Le Comité unitaire a déposé ce jour les signatures pour faire aboutir le référendum contre la loi 11'408 votée le 13 novembre par la majorité de droite et d’extrême-droite (PLR, PDC, MCG, UDC) du Grand Conseil et qui vise à permettre le retour des congés-ventes. Le peuple genevois aura donc l’occasion de se prononcer contre la réhabilitation de cette pratique qui avait provoqué tant de situations dramatiques pour les locataires pendant les années 80.

Cette loi 11'408, portée par les milieux immobiliers, autorise les bailleurs à vendre à la découpe leurs immeubles. Prétextant vouloir permettre à tous les locataires de devenir propriétaires, les milieux immobiliers remettent au goût du jour une réalité des années 1980 : les congés-ventes. La méthode a un peu changé, mais le résultat pour les locataires reste le même. Dans les années 1980, ceux-ci se voyaient confrontés à « paie ou quitte », tandis que, en 2016, ce sera « je ne te veux pas comme locataire si tu ne peux pas acheter ».

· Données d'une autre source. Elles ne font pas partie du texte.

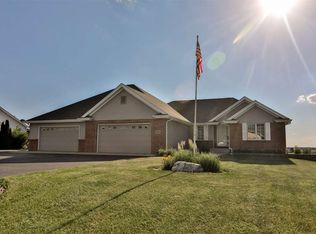 5660 N Ruth Ave, Monroe Center, IL 61052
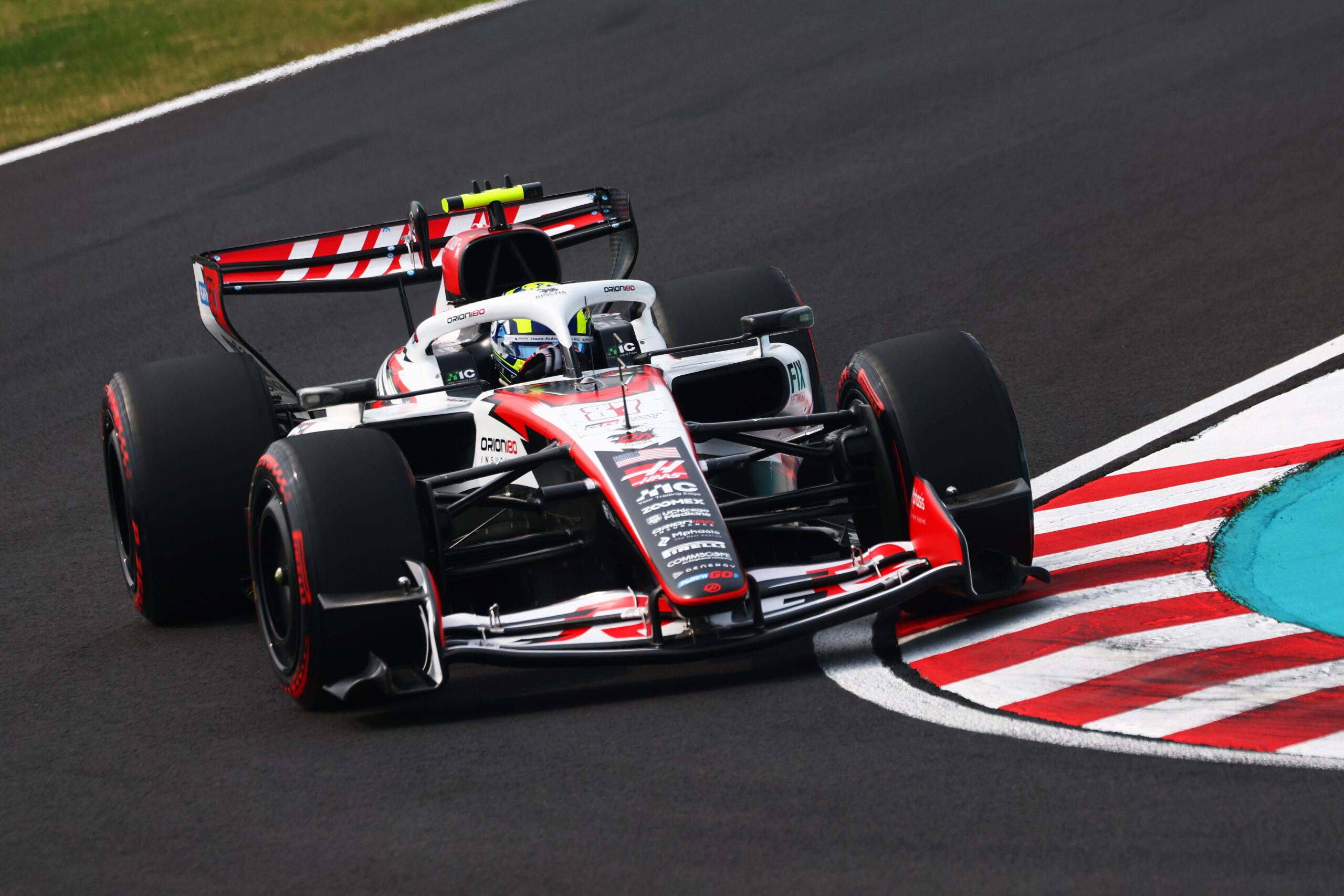 Ollie Bearman on track at the 2026 F1 Japanese GP, before his accident with Franco Colapinto.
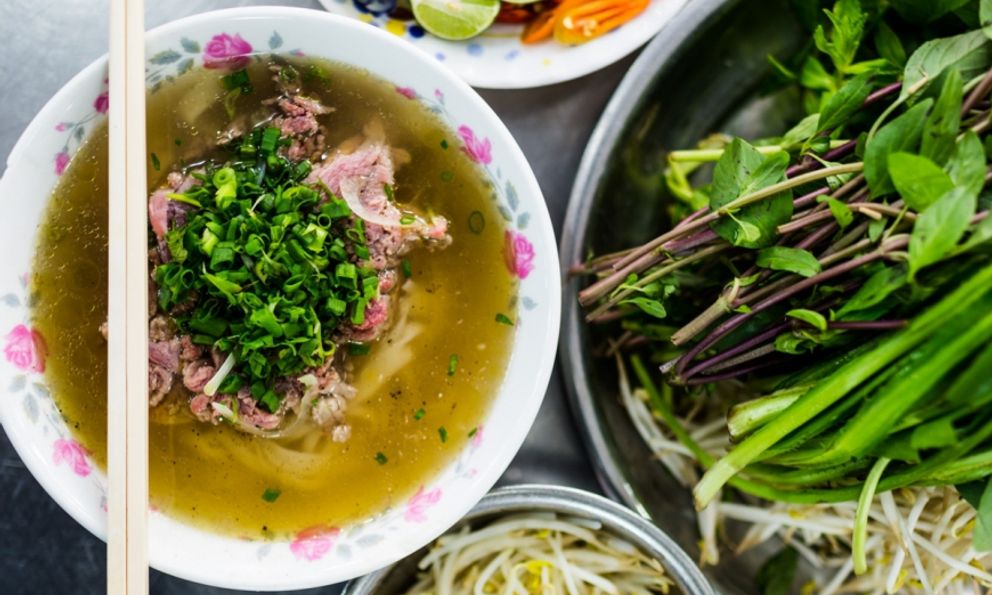 10 món ngon của Việt Nam mà du khách nhất định phải nếm thử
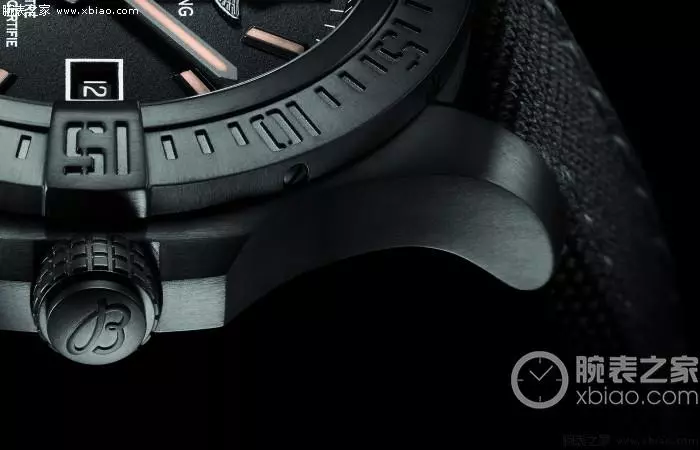 百年灵黑鸟侦察机有没有数字款的(4)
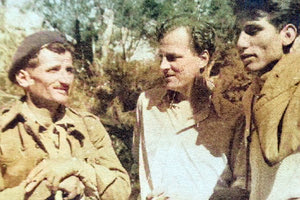 Μετά την κατοχή τα αδέρφια Μανόλης (αριστερά), απαγωγέας του Στρατηγού Κράιπε και Βαρδής Πατεράκης (δεξιά), τραυματίας της μάχης του Ρίμινι. Στο μέσον ο Πάτρικ Λη Φέρμορ. (φωτογραφία Ανδρέα Πατεράκη, από το βιβλίο του Ώρες πολέμου)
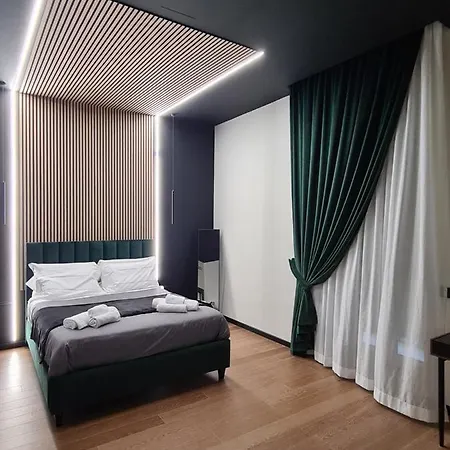 Chiatamone Luxury Apartment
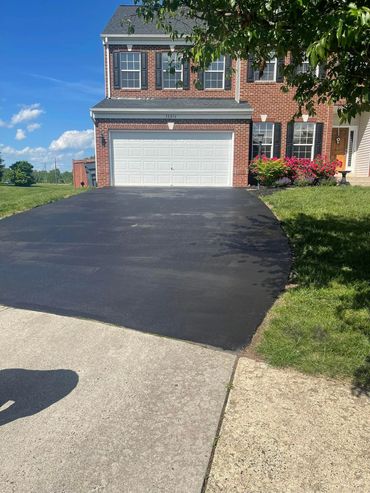 Jet black driveway sealcoating 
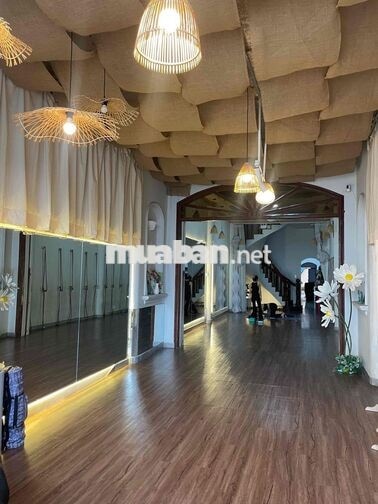 Nhượng mặt bằng Yoga bao cơ sở vật chất ( có sẵn)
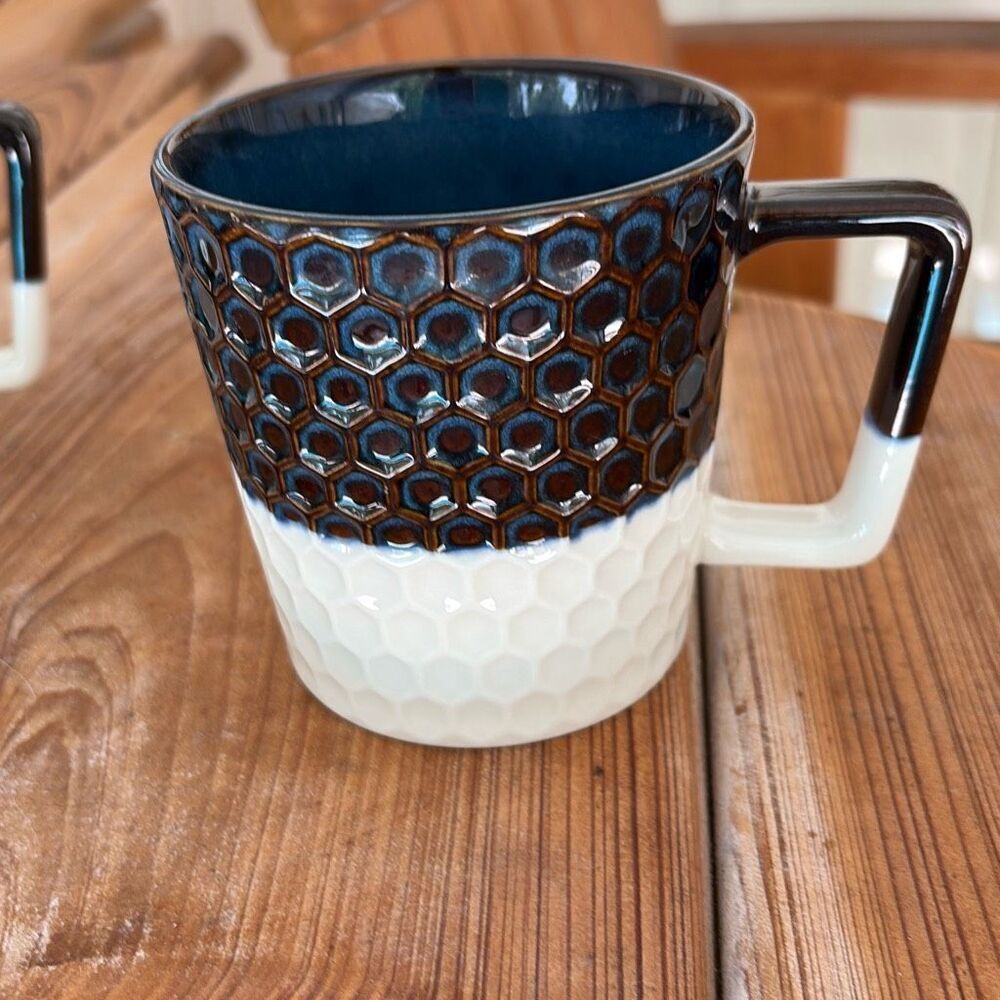 Starbucks 2017 Siren Scales Anniversary Collection Mug, 12 oz, good condition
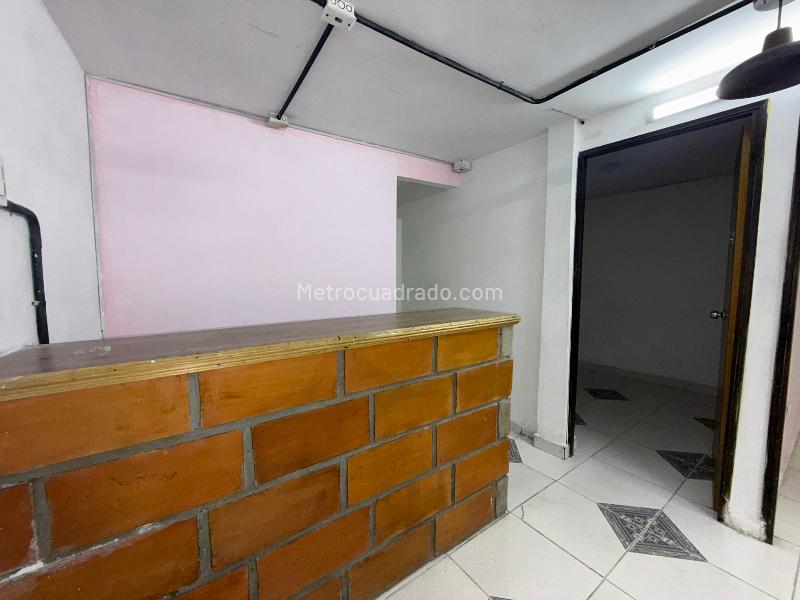 Casa Comercial de 2 Alcobas en Buenos Aires (Medellín) - 4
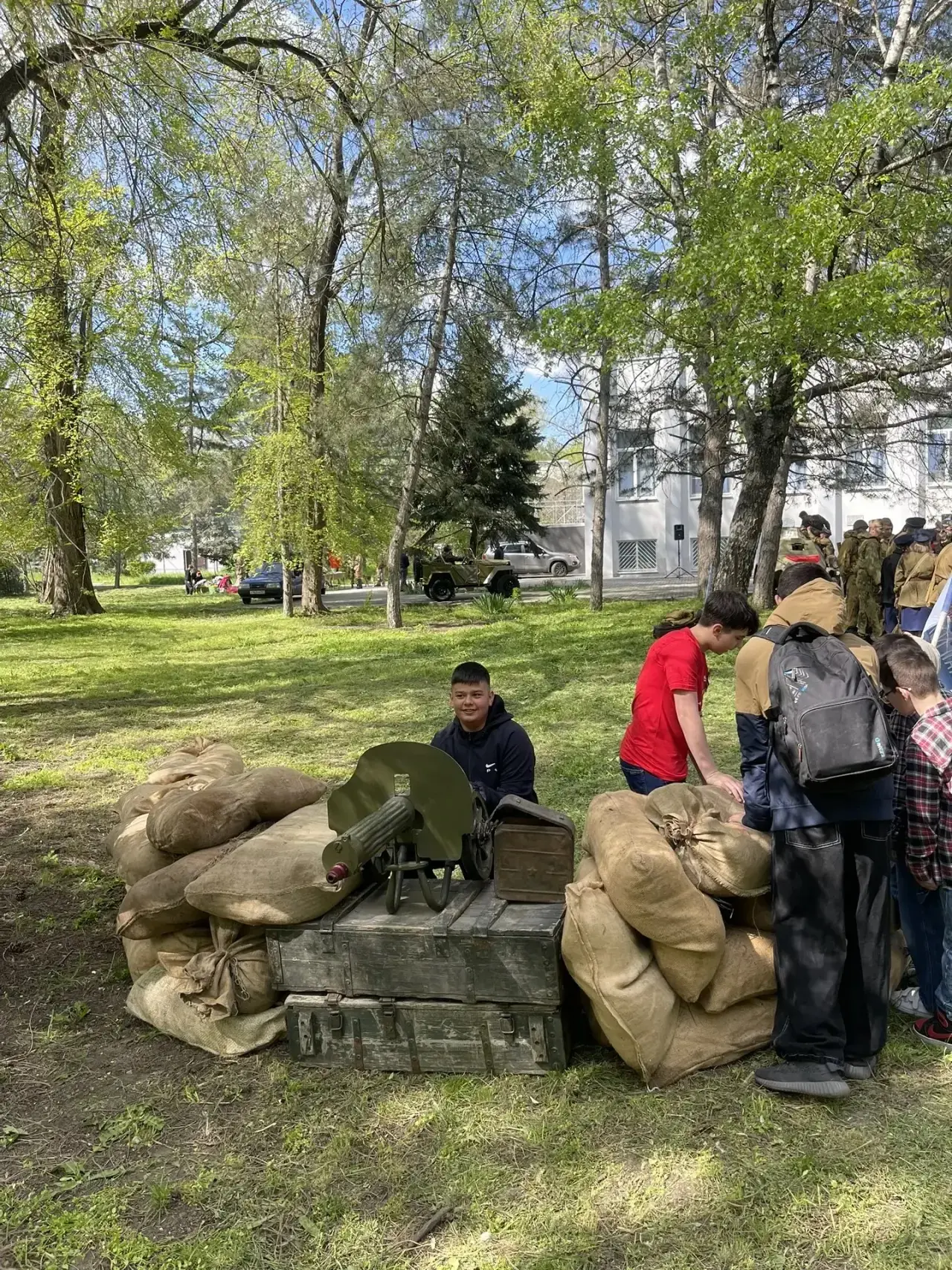 Чтобы помнили: экскурсия в преддверии 9 Мая 🌟  "Нет в России семьи такой, где не памятен свой герой.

Au début des années 1980, les immeubles locatifs, particulièrement ceux aux loyers modérés et bon marché, ont fait l’objet d’une spéculation éhontée. Les spéculateurs ont réalisé des bénéfices très importants en vendant de manière individuelle les appartements d’un immeuble plutôt que de vendre l’immeuble en entier. En quelques mois, des centaines d’immeubles ont été transformés en propriété par étage (PPE) et des milliers d’appartements sont devenus en peu de temps susceptibles d’être vendus individuellement.

De très nombreux locataires ont reçu du jour au lendemain un congé et ont dû choisir entre acheter leur appartement ou partir. Ce procédé scandaleux a généré nombre de drames humains et familiaux en raison de l’impossibilité pour les ménages modestes d’acheter leur appartement. Beaucoup de familles se sont trouvées sans logement.

Les milieux des locataires ont alors lancé une initiative pour défendre la majorité de la population genevoise et empêcher les congés-ventes en protégeant le parc immobilier locatif.

C’est cette protection que les milieux immobiliers ont déjà tenté de supprimer sous la plume de Mark Muller en 2001. Mais le peuple a rejeté cette attaque en votation populaire le 8 février 2004. Dix ans plus tard, ils réitèrent leurs attaques contre la protection des locataires.

Alors que les logements accessibles sont rares, les milieux immobiliers veulent réduire le parc locatif. Aujourd’hui, le locataire qui veut devenir propriétaire libère un logement qui sera remis à la location. Demain, ce logement serait perdu pour la location et deviendra un objet de spéculation.

A Genève, le pourcentage de logements sans but lucratif est inférieur de 15%. En comparaison, en ville de Zurich, 26% des logements sont à but non lucratif et les citoyen-ne-s ont récemment voté pour augmenter cette part à 30%. Il est donc essentiel de maintenir la LDTR pour assurer un minimum de protection aux locataires en place et maintenir des logements à loyer accessible. La protection du droit du bail est insuffisante. Elle n’est véritablement efficace qu’avec la LDTR. Le droit du bail interdit certes aux bailleurs d’obliger un locataire à acheter son logement en le menaçant d’un congé. En revanche, le bail peut être résilié pour vendre le logement à un tiers puis être proposé tout de même au locataire en place, ce qui revient au même ! Autre astuce : conclure un bail à durée déterminée.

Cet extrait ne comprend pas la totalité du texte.